Try it. The lines you should transcribe are those from the one containing "Toyota C-HR 8 of 20" to the end of the listing below, exactly, with pictures left out.

Given information.
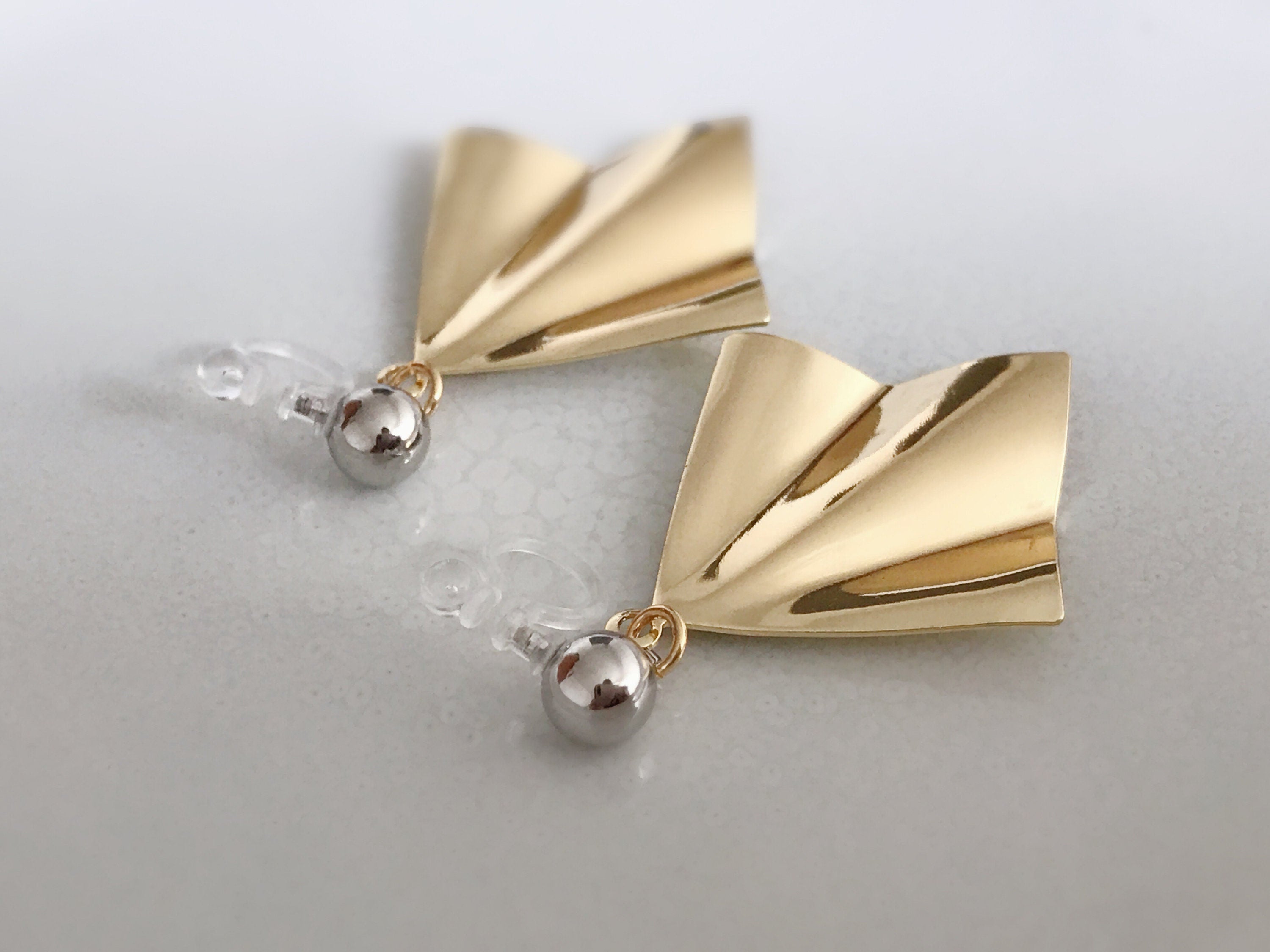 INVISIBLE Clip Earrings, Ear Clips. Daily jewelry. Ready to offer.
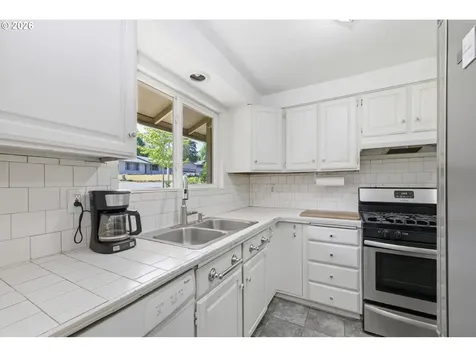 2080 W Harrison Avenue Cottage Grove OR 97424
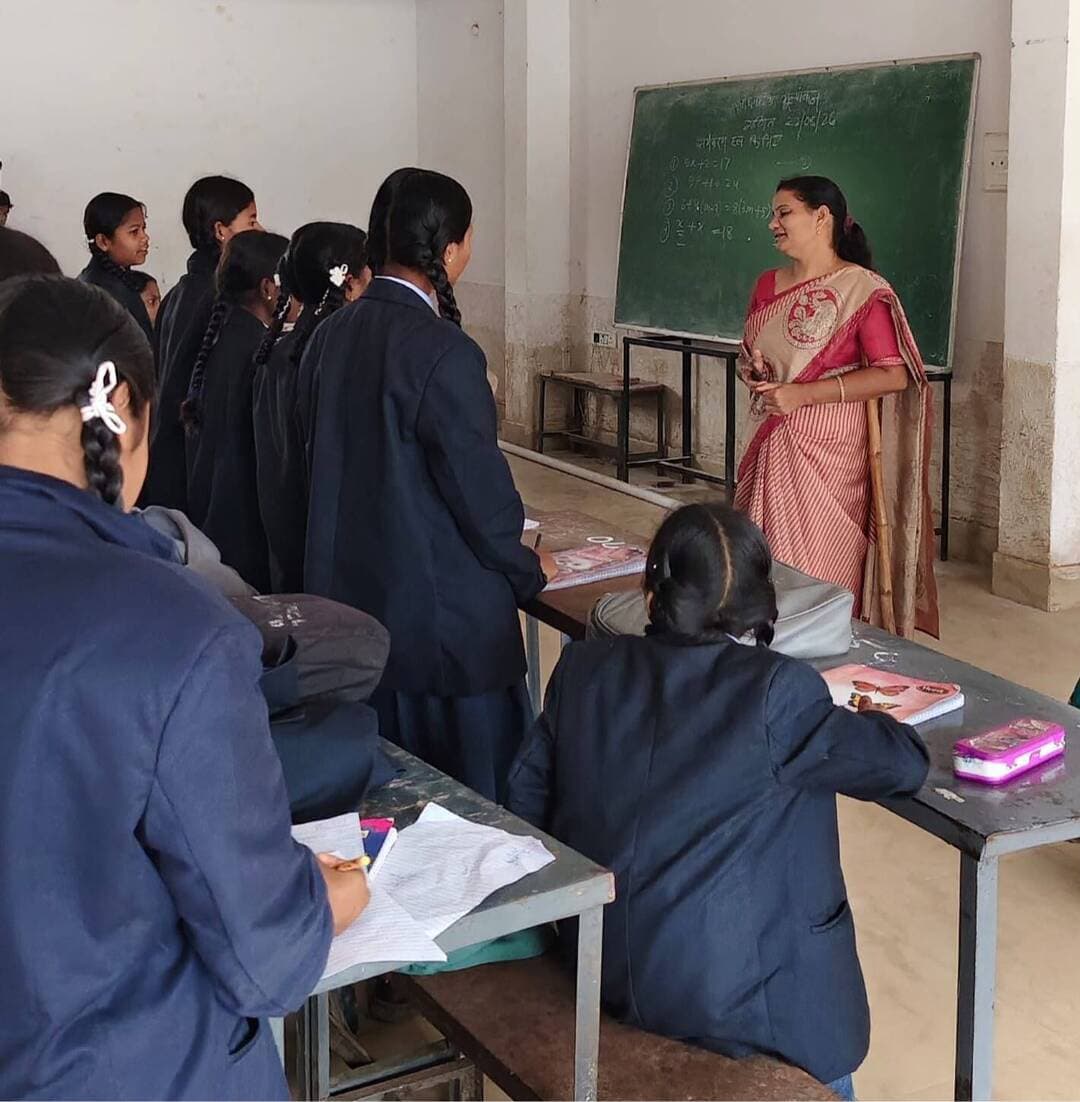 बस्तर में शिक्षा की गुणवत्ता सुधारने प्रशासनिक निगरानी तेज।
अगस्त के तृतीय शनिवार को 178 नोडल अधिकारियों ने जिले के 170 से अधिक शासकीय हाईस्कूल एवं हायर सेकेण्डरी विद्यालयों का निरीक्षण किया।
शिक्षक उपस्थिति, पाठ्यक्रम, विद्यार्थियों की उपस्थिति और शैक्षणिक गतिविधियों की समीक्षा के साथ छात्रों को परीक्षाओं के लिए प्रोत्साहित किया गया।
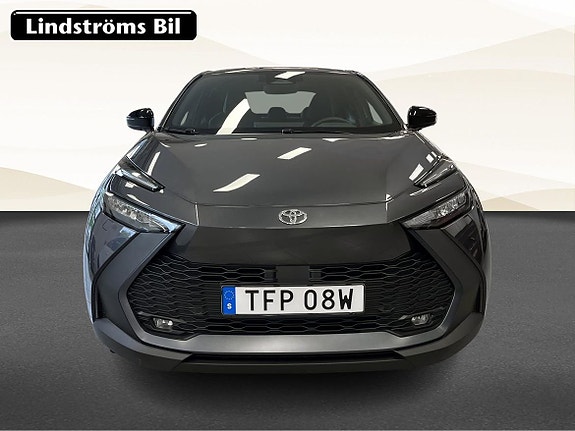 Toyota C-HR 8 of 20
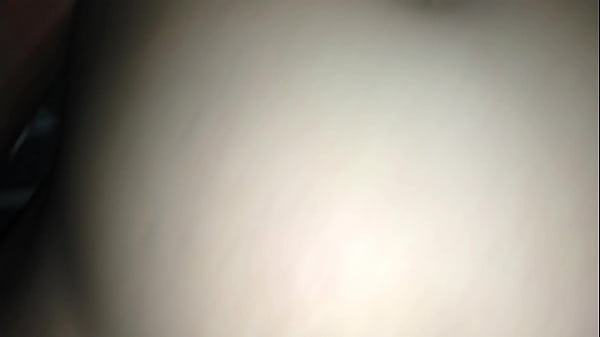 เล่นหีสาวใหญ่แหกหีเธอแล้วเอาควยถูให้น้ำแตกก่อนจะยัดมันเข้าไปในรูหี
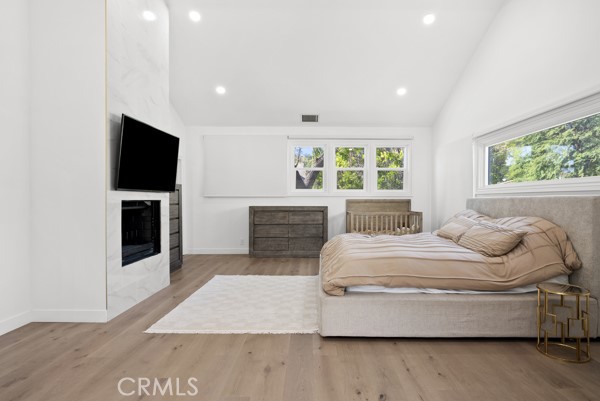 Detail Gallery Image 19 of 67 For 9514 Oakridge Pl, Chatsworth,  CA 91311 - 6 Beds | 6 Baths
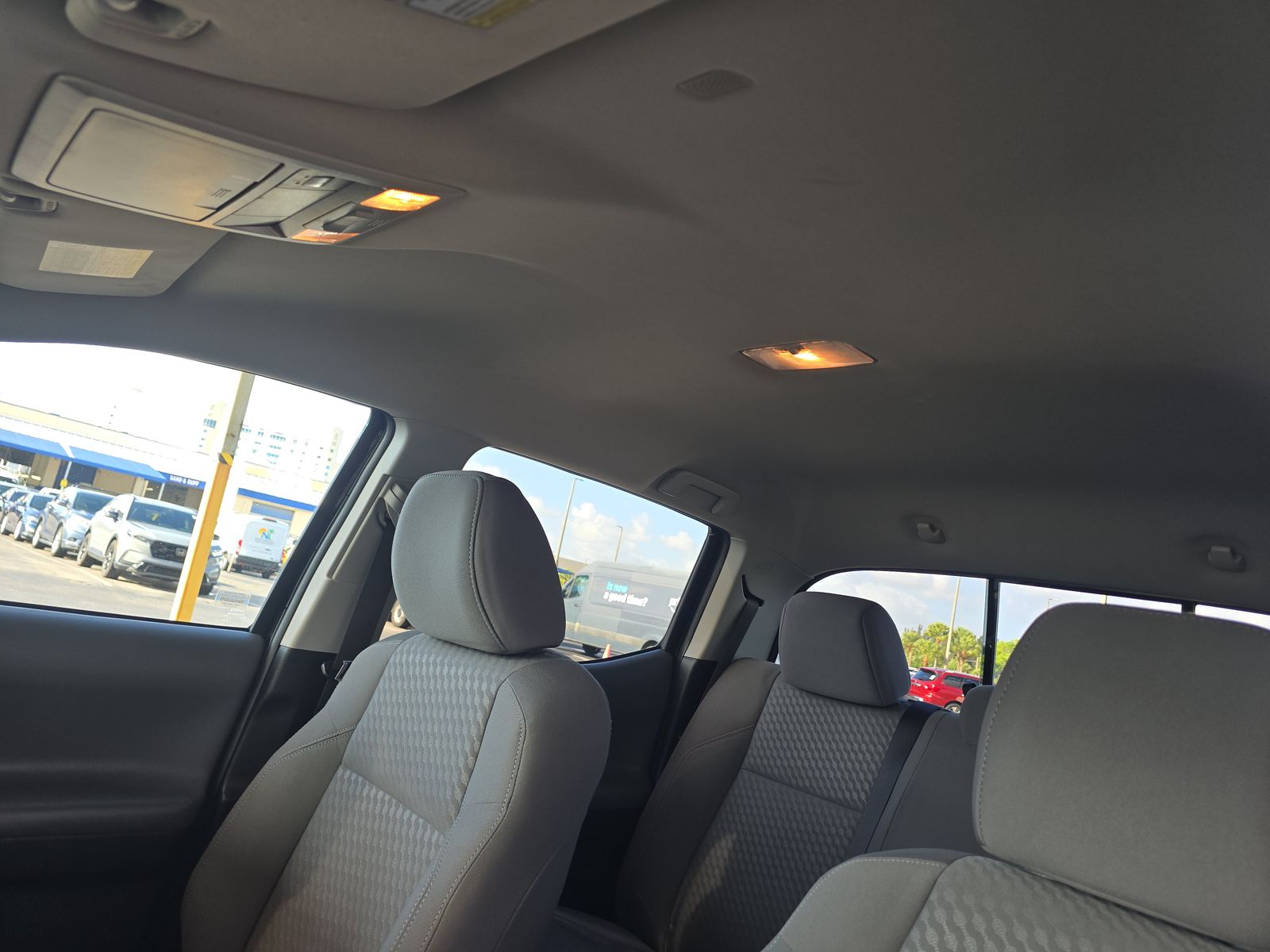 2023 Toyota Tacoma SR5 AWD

Reply to the exercise.
 Toyota C-HR 8 of 20
 เล่นหีสาวใหญ่แหกหีเธอแล้วเอาควยถูให้น้ำแตกก่อนจะยัดมันเข้าไปในรูหี
 Detail Gallery Image 19 of 67 For 9514 Oakridge Pl, Chatsworth,  CA 91311 - 6 Beds | 6 Baths
 2023 Toyota Tacoma SR5 AWD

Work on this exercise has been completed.